What to do> What you return must match, exactly, the lines running from the one containing "Седан Nissan Altima 2015 в" to the end of the data, both included, and must contain no pictures.

Working data>

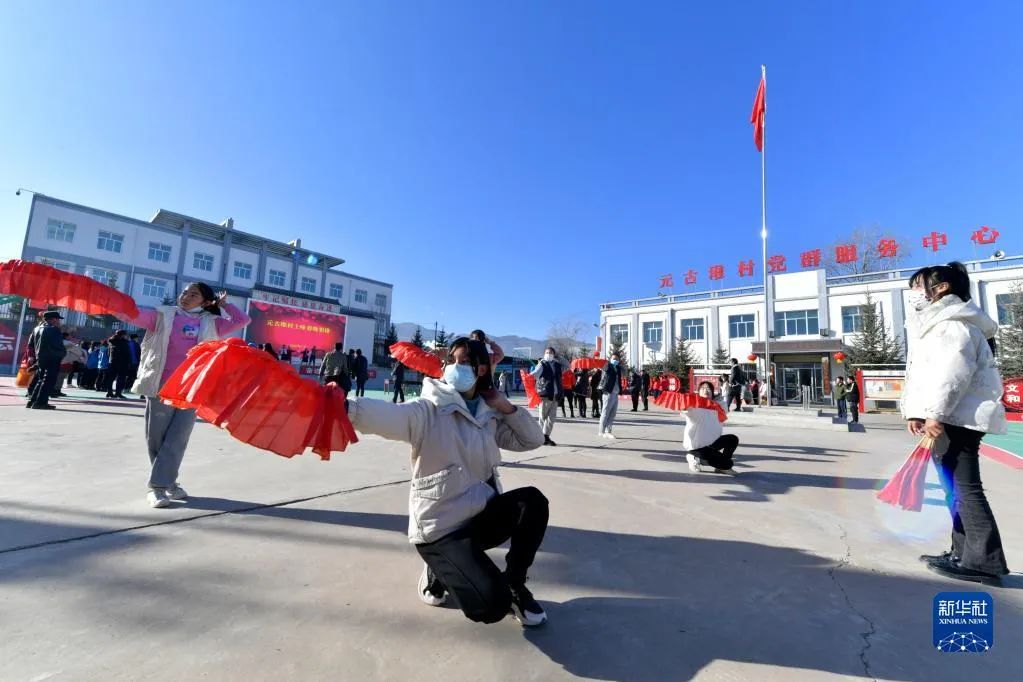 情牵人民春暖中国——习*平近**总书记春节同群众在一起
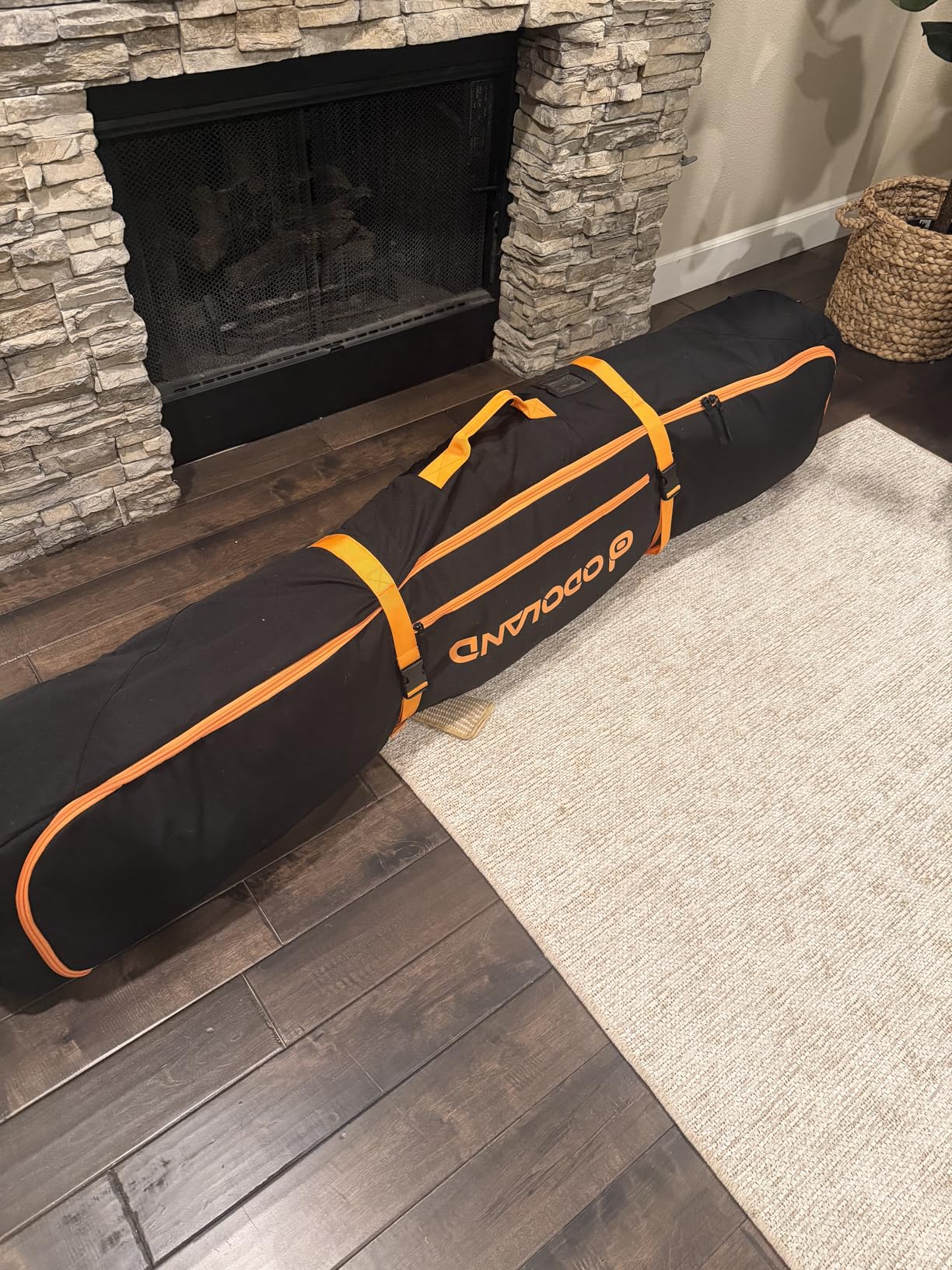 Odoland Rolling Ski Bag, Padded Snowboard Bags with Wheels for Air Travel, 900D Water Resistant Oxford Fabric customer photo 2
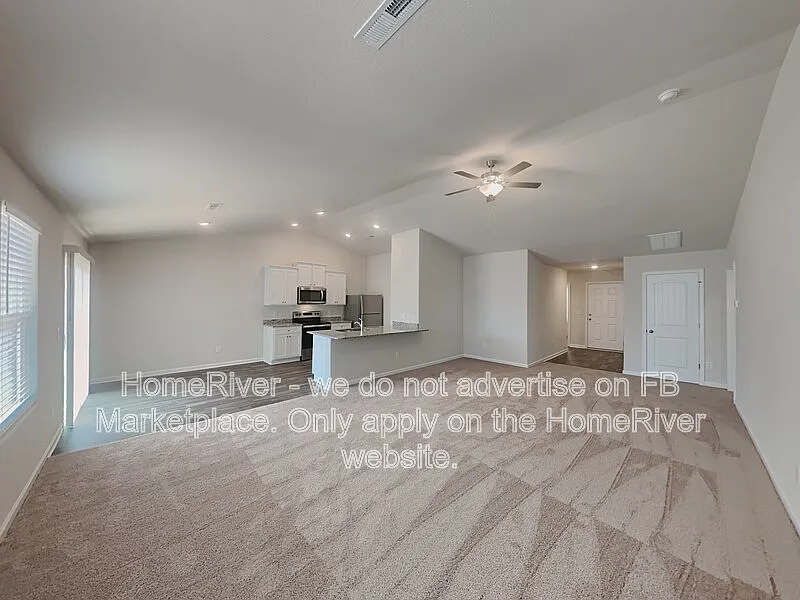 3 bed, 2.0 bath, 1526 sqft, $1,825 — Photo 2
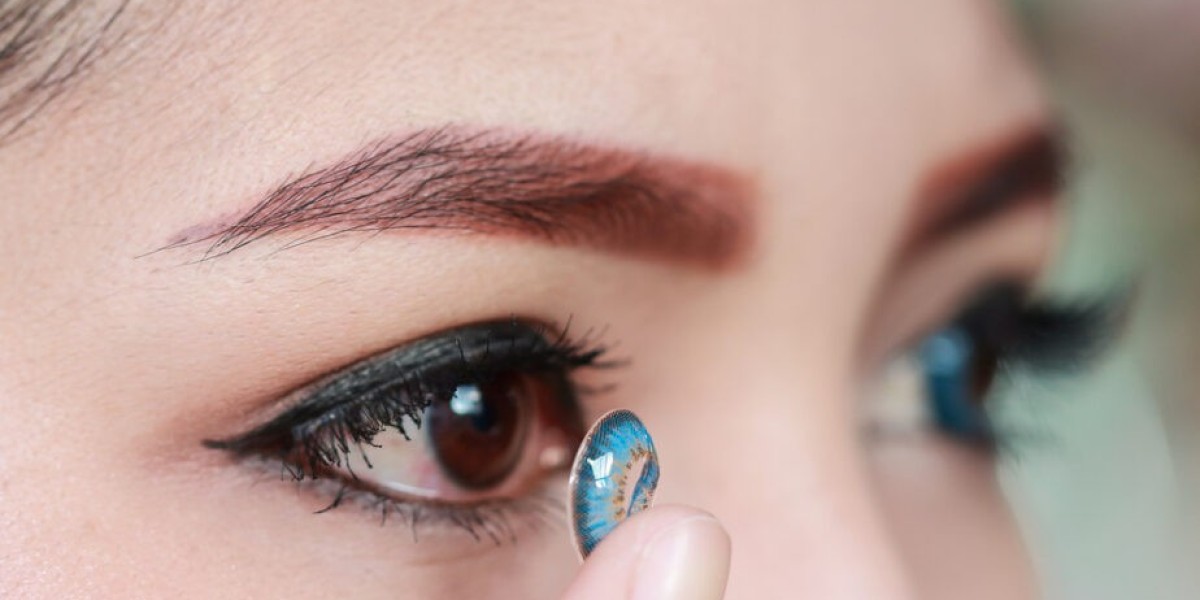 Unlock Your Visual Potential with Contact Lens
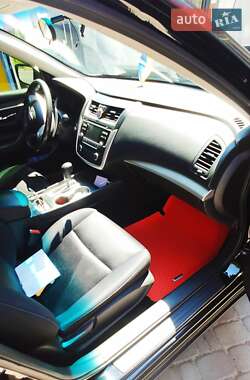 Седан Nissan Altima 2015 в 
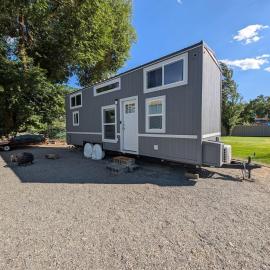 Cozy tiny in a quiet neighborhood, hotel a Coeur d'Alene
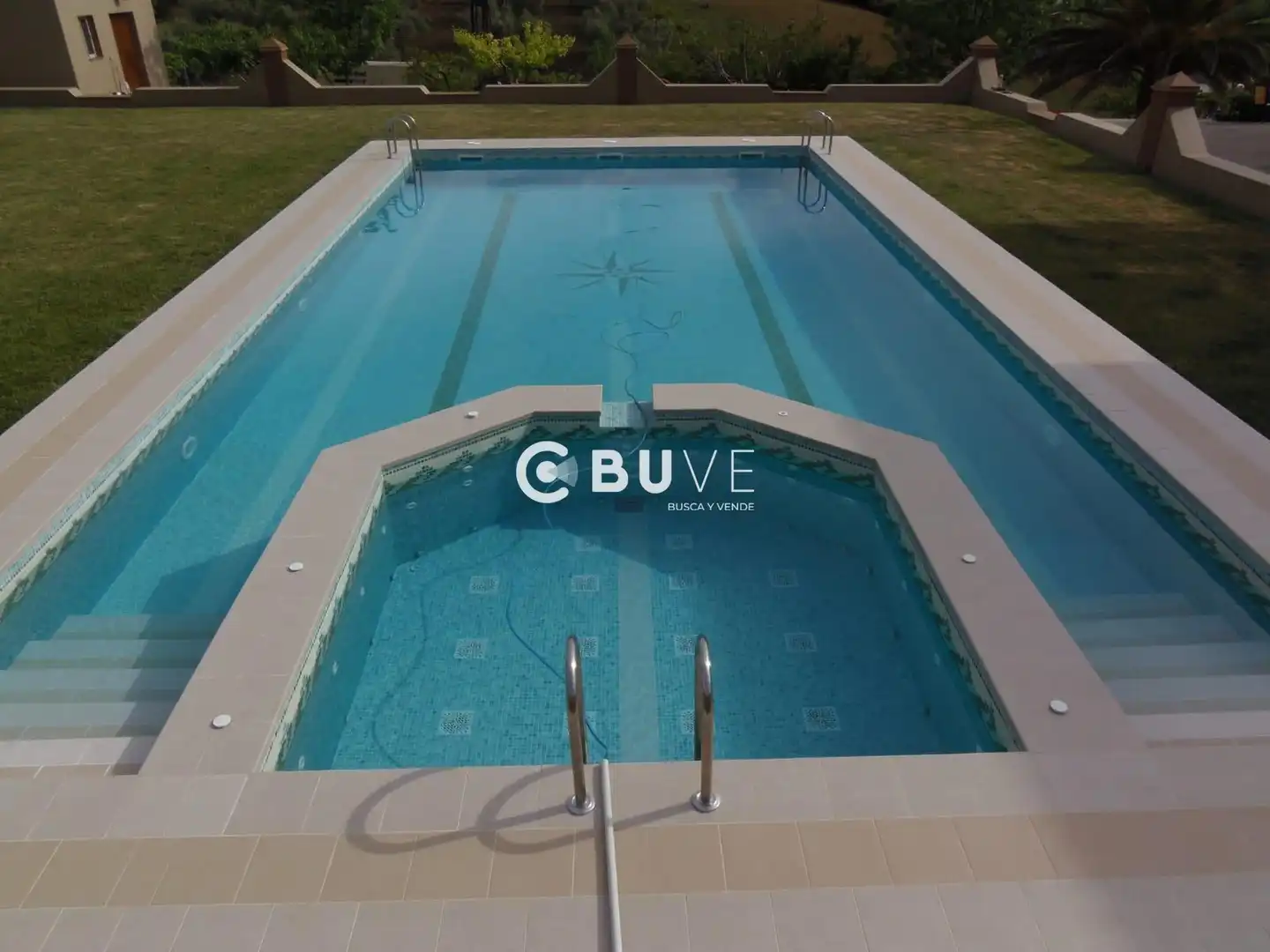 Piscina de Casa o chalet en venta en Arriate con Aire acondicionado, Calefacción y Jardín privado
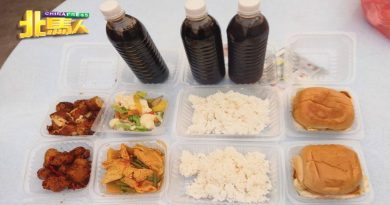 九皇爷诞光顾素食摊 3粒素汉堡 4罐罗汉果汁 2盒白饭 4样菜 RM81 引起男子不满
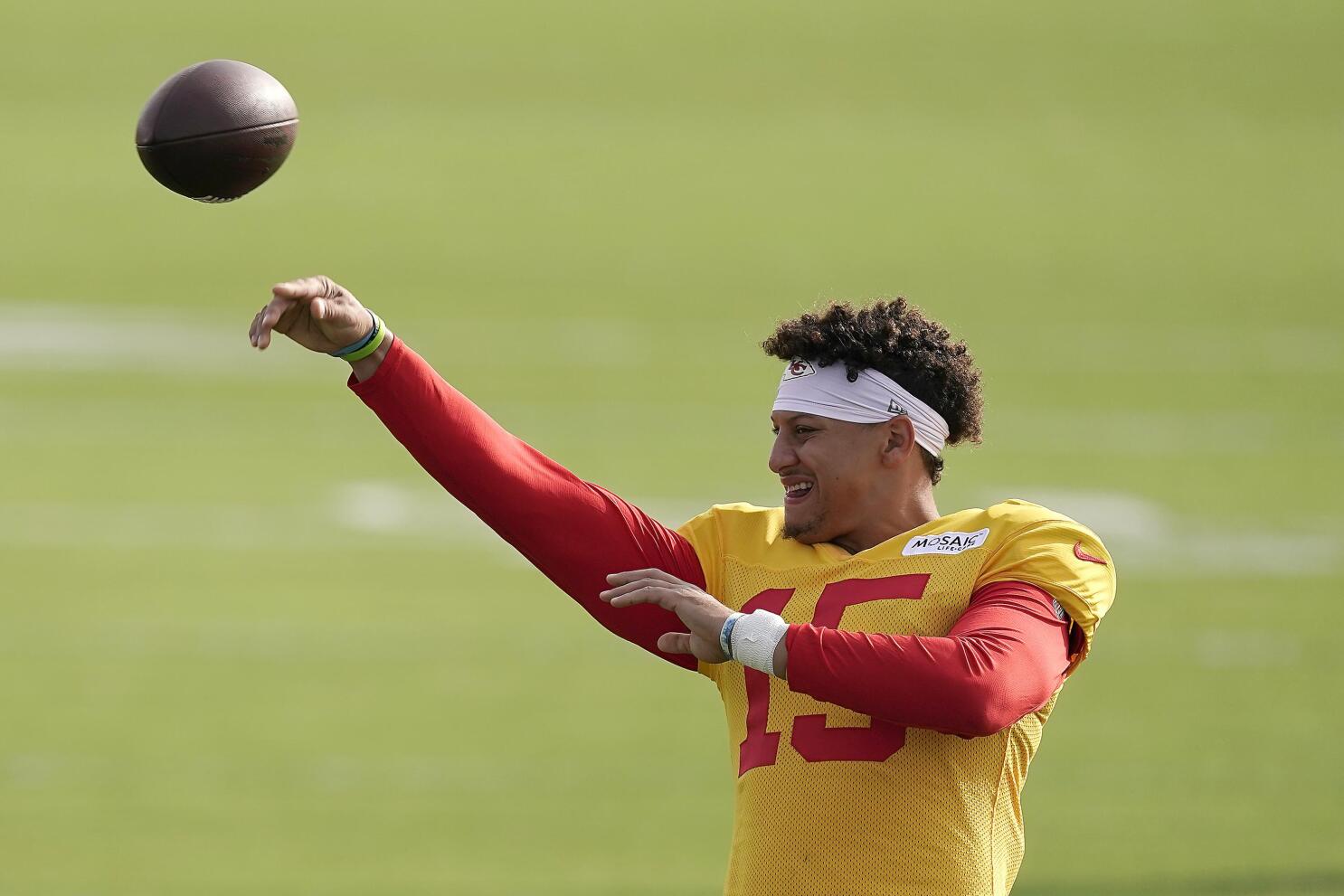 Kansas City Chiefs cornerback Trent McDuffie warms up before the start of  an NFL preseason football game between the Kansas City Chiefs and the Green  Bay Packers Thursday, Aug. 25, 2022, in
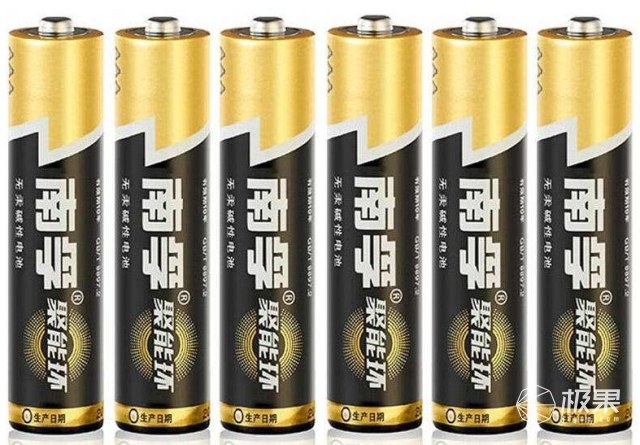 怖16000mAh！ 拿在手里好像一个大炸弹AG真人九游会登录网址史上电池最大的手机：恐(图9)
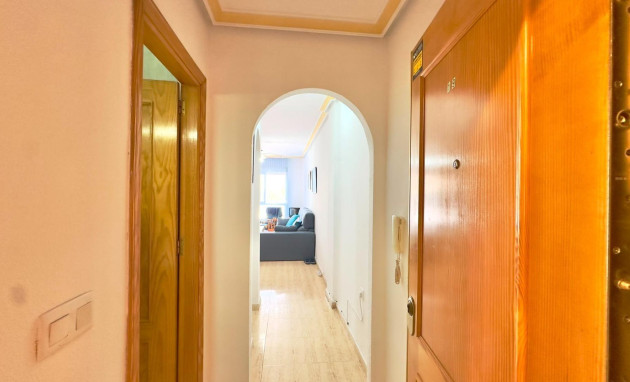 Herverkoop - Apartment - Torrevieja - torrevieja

Exercise result>
 Седан Nissan Altima 2015 в 
 Cozy tiny in a quiet neighborhood, hotel a Coeur d'Alene
 Piscina de Casa o chalet en venta en Arriate con Aire acondicionado, Calefacción y Jardín privado
 九皇爷诞光顾素食摊 3粒素汉堡 4罐罗汉果汁 2盒白饭 4样菜 RM81 引起男子不满
 Kansas City Chiefs cornerback Trent McDuffie warms up before the start of  an NFL preseason football game between the Kansas City Chiefs and the Green  Bay Packers Thursday, Aug. 25, 2022, in
 怖16000mAh！ 拿在手里好像一个大炸弹AG真人九游会登录网址史上电池最大的手机：恐(图9)
 Herverkoop - Apartment - Torrevieja - torrevieja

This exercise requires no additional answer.